Um caso de autofagia: a sociedade e a extrema direita

Sebastião Pereira do Nascimento

Atualmente, é inegável que a população global vive uma severa crise de desconstrução dos valores humanos em toda sua plenitude. No Brasil, essa desvalorização desponta na mesma intensidade, gerando incertezas à sociedade brasileira que vivencia, de forma claudicante, um contínuo processo de declínio ético-moral, em decorrência do fracasso da mobilização coletiva, onde as pessoas manifestam seus mais intensos desejos e os colocam em práticas através de diferentes manifestações: verbais, psicológicas ou físicas.

De forma sistemática, essas anomalias, à deriva no Brasil, trazem à luz uma realidadesombria presente nas diversas categorias da sociedade brasileira, a qual é parte daquilo que o antropólogo Sérgio Buarque de Holanda chama de povo “cordial”, onde muitas das manifestações de violência social vêm do interior do sujeito, disfarçadas de “hospitalidade” e “afeto”. Sendo essa predisposição decorrente de uma herança histórica, onde a sociedade teria desenvolvido uma propensão à informalidade e à intransigência.
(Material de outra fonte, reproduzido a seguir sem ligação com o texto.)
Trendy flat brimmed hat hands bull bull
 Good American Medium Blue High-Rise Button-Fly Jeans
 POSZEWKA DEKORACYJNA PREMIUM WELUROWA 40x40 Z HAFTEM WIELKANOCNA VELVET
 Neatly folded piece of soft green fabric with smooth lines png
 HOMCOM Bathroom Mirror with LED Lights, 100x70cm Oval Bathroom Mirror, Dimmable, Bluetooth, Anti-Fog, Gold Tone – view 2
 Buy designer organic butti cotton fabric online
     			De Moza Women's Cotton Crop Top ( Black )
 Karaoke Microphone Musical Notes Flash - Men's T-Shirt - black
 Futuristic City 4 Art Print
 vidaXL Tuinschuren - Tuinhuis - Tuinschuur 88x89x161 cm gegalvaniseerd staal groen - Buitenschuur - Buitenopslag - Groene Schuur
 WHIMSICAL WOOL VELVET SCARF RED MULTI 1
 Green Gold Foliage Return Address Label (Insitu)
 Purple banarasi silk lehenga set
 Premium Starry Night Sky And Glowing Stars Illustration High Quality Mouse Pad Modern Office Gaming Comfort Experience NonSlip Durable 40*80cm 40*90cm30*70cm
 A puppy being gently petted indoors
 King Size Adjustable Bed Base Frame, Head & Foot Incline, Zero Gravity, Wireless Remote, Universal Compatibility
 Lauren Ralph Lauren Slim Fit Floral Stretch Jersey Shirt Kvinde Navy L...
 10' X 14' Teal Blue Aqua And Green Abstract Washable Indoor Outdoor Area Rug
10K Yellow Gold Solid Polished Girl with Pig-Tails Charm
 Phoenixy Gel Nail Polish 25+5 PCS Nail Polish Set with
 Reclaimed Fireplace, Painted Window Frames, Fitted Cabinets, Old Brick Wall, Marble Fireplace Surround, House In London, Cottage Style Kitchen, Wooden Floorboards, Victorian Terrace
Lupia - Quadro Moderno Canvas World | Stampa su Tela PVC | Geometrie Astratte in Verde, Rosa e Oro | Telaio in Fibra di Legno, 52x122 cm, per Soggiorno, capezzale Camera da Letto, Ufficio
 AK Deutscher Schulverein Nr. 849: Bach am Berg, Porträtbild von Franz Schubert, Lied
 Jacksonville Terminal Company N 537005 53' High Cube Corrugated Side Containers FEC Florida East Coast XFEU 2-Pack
O que se deve ao fato de a mesma ter sido concebida de forma coercitiva e unilateral, não havendo diálogo entre governantes e governados ou entre patrões e empregados.

Noutro enquadramento, o teólogo Leonardo Boff diz que essa violência social também pode ser estrutural, resultante de desigualdades econômica, política e cultural que, por extensão, leva a caracterizar o povo brasileiro como um povo “cordial” e “passional”, visto que se mostra motivado excessivamente pelas paixões da discriminação e da intolerância, o que qualifica a sociedade brasileira como uma entidade cordial-passional.

Também, como especulam outros autores, pode-se dizer que esse legado da violência social à brasileira procede do arquétipo da “casa grande”, introjetado historicamente em todas as estratificações sociais, sendo os grupos humanos estigmatizados como “minoria social” (pobres, negros, indígenas, homoafetivos, refugiados, etc.), os mais hostilizados e vilipendiados, mesmo pelas entidades públicas que revelam diversas formas de violências estruturais de modo intolerável.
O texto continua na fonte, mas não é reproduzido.